There is no objection to a number of the imputations pleaded by the plaintiff. As to the objections taken, the parties did not specify whether the Court was asked to determine those matters by way of separate question in the proceedings. It will be necessary to hear the parties on that issue before entering orders.
The first objection is to imputation (f):
That the plaintiff beat his daughter with hands and belt at her aunt's house in Jordan whilst her aunt watched.
The defendant submitted that imputation (f) is incapable of arising. The objection is to the inclusion of the words "whilst her aunt watched". In my view, the matter complained of (which I have watched) is not reasonably capable of conveying that particular aspect of the imputation. The relevant passage of the matter complained of begins with the daughter's allegation that she was forced to undergo an examination to determine whether she was a virgin. The presenter states "despite being a virgin, Rania's father and brother weren't satisfied. They beat her regardless."
Following an allegation that her father beat her with his hands and a belt, the daughter states:
At my aunty's house. She actually came in and, you know, she was screaming and crying and um, I don't know what she was saying in Arabic, but, she was asking him to stop. I am pretty sure. Um, and they did but um, afterwards I was still you know, trying to tell them, look, I've never been with a man and my brother said "yeah your dad knows because if he had of believed them then he would have killed you". So.
The sense of the imputation as presently formulated suggests the callousness of continuing to beat the daughter while another member of the family watched.
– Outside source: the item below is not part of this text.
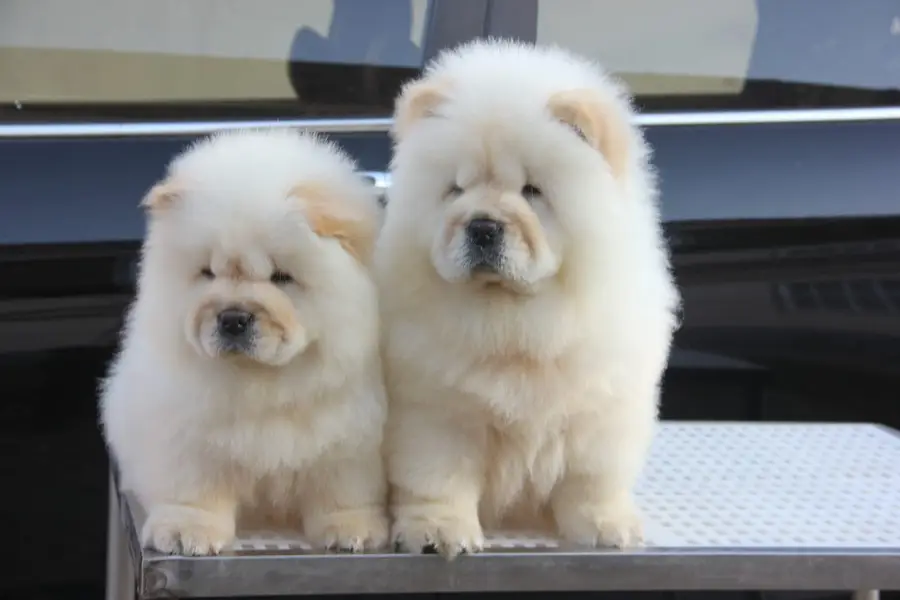 Chow Chow Pedigreed champion bloodline available for import — photo 8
That is plainly not the sense of the words spoken. The words "whilst her aunt watched" should be struck from the imputation.
The next objection is to imputation (g):
The plaintiff is the most evil person that anyone would ever meet.
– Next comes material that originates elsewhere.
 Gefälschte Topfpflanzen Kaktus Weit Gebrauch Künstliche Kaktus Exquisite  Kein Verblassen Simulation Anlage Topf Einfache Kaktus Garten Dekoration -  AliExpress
The defendant objects to that imputation as being bad in form. The imputation is drawn almost verbatim from words spoken by the daughter during the programme, where she says:
He is just an evil person. He is the most evil person that I have ever met, or anyone would ever meet. He is an awful, awful, awful man.
In my view, the ordinary reasonable viewer of the matter complained of would readily understand the daughter's words to be rhetorical hyperbole. It would not be understood that the matter complained of was asserting as a literal fact that the plaintiff is the most evil person in the whole world, to the exclusion of all others (or even all others anyone would ever meet).
The plaintiff sought to defend the imputation by reference to the entitlement of a plaintiff, in an appropriate case, to plead an imputation adopting the words of the matter complained of, citing Hepburn v TCN Channel 9 Pty Ltd [1983] 2 NSWLR 682 at 688B to C per Hutley JA; Drummoyne Municipal Council v Australian Broadcasting Corporation (1990) 21 NSWLR 135 at 144 and 148 per Kirby J; John Fairfax Publications Pty Ltd v Blake; David Syme Co Ltd v Blake (2001) 53 NSWLR 541 per Hodgson JA at [52] to [54]; Mahommed v Channel Seven Sydney Pty Ltd [2006] NSWCA 213 at [29] per McColl JA and Toben v Milne [2014] NSWCA 200 at [21].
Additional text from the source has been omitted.